The prospects of Fed rate hikes will not have a long lasting impact on the Sensex, Nifty, INR and 8.40% 2024 government bond as India’s macros are improving and this will provide natural protection to domestic assets. Read our analysis “Why the INR will withstand USD strength”
The FOMC (Federal Open Market Committee) forecast that the Fed Fund rates will be at 1.375% by end 2015 in its September 2014 meeting that ended on the 17th of September. The Fed Fund futures that trades on the CME (Chicago Mercantile Exchange) predicts with a 74% probability (up from 64% pre FOMC meet) that the first hike will happen in July 2015. Fed Fund rate is at levels of 0% to 0/25% at present and this level has been held since January 2009.
The Fed cut its asset purchases by USD 10 billion to bring it down to USD 15 billion a month from USD 25 billion a month. Asset purchases have come off from USD 85 billion a month seen in December 2013. Fed will end its asset purchase program in October 2014.

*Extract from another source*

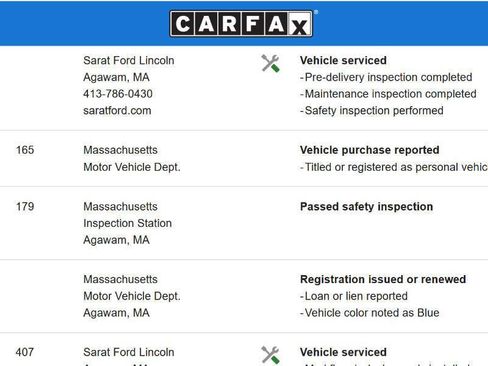 Used 2019 Lincoln Nautilus Reserve image 56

The Fed Chair Janet Yellen guided markets to extended period of low rates even as the US economy is on the growth path with unemployment rate at 6.1%, down from 6.7% levels seen in January 2014, GDP growth for second quarter 2014 at 4.2% and various gauges from consumer confidence to retail sales showing higher confidence in the economy. Read our Economic Data Analysis for September 2014 for US Economy Data Analysis.
The Fed believes that the economy still requires low rates to continue on its growth path and this is possible as inflation has consistently stayed below Fed’s threshold level of 2%.
The market reaction to the Fed statement was higher USD, stable equities, higher bond yields and lower commodity prices. The USD index that tracks a basket of six major currencies, closed at almost decade high levels of 84.74 even as the Euro fell to one and half year lows and the Yen fell to multi year lows. The prospect of rate hikes by the Fed even as ECB and Bank of Japan maintain ultra loose policy is driving the USD higher.
US equities ended marginally positive on hopes of improved US economy while US five and ten year treasury yields closed higher by around 4bps at levels of 1.84% and 2.62% respectively. Treasury yields have risen by 28bps over the last one month.
Commodity prices fell on stronger USD, with oil prices down by close to 1% and gold prices down by 0.5%.